__WHAT YOU HAVE TO DO__
Retype, word for word, every line from the one holding "Cute anime fairy girl on swing" through the one holding "2025韩版网红秋冬加绒爆款弯刀裤休闲卫裤刺绣保暖长高腰阔腿裤" in the entries below, both included, and only those lines.

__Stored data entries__
○ ○ ○ ○ ○

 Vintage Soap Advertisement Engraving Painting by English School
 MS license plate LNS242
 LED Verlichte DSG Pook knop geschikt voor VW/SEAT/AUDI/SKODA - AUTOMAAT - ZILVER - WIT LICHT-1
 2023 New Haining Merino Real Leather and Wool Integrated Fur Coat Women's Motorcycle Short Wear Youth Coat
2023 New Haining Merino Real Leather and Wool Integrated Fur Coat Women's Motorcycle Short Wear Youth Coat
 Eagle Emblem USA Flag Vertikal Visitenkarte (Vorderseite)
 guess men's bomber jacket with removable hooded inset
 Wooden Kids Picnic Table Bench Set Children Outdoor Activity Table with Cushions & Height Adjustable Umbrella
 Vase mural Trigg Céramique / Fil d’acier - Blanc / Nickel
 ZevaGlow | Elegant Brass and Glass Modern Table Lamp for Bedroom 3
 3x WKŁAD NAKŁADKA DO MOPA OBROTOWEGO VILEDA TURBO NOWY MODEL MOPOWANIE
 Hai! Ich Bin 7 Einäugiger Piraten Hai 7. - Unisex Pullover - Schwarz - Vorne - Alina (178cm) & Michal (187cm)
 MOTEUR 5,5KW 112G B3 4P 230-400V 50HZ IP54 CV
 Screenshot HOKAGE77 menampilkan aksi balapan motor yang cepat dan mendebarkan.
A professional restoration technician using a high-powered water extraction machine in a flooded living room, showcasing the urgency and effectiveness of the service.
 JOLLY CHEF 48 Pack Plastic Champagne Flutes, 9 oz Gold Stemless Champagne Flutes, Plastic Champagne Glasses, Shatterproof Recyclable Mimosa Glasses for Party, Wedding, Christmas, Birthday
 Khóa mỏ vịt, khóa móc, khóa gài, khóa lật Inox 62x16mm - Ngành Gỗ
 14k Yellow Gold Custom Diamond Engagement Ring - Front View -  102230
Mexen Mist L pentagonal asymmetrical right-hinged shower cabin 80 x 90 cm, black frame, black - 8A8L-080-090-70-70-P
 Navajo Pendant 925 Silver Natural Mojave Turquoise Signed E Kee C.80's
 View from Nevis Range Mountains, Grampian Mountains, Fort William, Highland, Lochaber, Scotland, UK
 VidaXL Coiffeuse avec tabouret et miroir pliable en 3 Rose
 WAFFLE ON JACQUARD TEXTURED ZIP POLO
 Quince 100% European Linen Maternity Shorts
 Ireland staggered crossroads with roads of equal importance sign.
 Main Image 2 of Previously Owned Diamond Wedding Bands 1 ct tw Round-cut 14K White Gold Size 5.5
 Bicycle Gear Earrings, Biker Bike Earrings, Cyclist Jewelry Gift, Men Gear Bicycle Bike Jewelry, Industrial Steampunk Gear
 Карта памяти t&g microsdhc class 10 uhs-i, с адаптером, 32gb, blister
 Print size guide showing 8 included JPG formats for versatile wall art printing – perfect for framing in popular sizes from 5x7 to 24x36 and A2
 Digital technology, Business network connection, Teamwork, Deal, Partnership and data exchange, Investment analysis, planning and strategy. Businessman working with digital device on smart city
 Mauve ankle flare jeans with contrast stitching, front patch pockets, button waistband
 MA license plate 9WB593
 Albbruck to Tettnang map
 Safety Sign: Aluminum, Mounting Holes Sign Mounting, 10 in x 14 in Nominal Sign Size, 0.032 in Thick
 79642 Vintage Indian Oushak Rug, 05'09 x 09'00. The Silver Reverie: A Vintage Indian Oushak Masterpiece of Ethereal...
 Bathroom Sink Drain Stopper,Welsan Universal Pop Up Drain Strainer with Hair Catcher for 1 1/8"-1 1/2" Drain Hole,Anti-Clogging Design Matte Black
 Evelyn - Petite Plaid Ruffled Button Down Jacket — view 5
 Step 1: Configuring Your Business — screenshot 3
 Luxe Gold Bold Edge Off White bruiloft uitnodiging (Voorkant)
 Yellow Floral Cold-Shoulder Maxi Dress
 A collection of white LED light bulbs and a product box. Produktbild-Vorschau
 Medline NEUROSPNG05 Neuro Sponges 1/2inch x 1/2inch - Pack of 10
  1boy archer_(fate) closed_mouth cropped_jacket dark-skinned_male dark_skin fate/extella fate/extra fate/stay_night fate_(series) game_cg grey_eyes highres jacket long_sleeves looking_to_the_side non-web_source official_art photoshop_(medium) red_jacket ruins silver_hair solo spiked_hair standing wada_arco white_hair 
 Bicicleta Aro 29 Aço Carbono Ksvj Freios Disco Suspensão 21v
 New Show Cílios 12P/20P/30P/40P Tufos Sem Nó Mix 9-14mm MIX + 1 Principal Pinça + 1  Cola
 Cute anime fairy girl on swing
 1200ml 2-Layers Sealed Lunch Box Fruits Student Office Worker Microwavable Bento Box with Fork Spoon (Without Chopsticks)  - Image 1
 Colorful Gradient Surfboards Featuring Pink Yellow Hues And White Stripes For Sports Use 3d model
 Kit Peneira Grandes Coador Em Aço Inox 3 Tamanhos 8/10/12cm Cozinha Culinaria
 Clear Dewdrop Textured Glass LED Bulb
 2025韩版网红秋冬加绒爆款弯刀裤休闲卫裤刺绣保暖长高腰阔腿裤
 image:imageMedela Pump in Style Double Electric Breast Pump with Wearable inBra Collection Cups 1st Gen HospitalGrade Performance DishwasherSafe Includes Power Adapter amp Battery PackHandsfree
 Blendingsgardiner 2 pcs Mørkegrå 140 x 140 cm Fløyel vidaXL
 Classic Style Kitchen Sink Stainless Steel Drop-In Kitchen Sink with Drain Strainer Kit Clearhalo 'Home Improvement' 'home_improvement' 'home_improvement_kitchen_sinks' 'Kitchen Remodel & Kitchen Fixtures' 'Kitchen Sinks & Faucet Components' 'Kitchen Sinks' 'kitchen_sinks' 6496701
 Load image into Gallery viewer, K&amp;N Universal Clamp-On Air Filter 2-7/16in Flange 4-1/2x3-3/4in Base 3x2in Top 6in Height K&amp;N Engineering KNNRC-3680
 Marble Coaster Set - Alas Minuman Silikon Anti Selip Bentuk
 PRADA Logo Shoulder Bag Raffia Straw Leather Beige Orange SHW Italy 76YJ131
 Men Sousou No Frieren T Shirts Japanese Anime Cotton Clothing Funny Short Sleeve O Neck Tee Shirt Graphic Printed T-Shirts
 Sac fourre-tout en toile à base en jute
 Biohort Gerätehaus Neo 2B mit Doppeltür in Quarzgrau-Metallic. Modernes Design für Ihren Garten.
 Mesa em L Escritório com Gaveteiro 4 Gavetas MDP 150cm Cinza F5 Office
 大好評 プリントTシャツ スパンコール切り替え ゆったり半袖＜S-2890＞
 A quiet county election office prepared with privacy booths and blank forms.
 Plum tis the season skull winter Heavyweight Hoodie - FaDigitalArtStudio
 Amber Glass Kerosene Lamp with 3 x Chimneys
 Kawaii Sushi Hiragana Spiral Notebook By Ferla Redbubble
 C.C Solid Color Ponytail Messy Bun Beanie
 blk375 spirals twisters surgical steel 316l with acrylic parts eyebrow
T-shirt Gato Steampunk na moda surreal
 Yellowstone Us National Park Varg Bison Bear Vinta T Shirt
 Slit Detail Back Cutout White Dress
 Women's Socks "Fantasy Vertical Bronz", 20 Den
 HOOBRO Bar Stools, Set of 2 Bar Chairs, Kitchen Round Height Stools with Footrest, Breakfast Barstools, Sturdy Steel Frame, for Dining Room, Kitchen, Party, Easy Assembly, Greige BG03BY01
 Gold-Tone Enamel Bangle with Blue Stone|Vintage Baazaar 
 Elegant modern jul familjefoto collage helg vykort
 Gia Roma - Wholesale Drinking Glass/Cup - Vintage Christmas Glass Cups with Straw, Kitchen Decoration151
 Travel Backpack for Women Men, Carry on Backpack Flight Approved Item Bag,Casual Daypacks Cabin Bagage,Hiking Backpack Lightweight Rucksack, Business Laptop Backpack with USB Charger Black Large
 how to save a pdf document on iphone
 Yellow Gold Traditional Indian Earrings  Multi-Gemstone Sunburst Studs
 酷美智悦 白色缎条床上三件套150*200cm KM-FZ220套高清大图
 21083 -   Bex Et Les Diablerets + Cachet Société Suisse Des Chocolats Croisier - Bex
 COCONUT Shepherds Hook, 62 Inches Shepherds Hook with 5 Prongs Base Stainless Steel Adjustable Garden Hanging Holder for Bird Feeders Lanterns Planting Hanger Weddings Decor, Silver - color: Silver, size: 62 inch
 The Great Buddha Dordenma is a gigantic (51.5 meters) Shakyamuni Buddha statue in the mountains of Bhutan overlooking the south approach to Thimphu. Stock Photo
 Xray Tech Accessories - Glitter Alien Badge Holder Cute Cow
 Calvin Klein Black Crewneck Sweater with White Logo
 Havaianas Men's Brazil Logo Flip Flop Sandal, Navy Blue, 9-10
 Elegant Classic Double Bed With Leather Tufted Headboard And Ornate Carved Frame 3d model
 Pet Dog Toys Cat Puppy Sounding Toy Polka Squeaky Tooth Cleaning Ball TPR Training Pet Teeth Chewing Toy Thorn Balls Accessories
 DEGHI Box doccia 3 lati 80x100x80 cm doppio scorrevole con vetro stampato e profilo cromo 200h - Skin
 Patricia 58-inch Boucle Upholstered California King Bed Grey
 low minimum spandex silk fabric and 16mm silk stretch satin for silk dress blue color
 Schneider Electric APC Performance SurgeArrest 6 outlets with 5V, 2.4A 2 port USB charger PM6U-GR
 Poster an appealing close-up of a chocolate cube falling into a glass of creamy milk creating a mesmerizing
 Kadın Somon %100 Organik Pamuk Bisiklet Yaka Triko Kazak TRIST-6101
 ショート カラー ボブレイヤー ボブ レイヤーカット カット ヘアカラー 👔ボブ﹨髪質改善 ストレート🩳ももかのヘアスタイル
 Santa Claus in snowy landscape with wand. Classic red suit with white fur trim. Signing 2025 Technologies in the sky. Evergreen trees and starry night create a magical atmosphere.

○ ○ ○ ○ ○

__ANSWER SPACE__
 Cute anime fairy girl on swing
 1200ml 2-Layers Sealed Lunch Box Fruits Student Office Worker Microwavable Bento Box with Fork Spoon (Without Chopsticks)  - Image 1
 Colorful Gradient Surfboards Featuring Pink Yellow Hues And White Stripes For Sports Use 3d model
 Kit Peneira Grandes Coador Em Aço Inox 3 Tamanhos 8/10/12cm Cozinha Culinaria
 Clear Dewdrop Textured Glass LED Bulb
 2025韩版网红秋冬加绒爆款弯刀裤休闲卫裤刺绣保暖长高腰阔腿裤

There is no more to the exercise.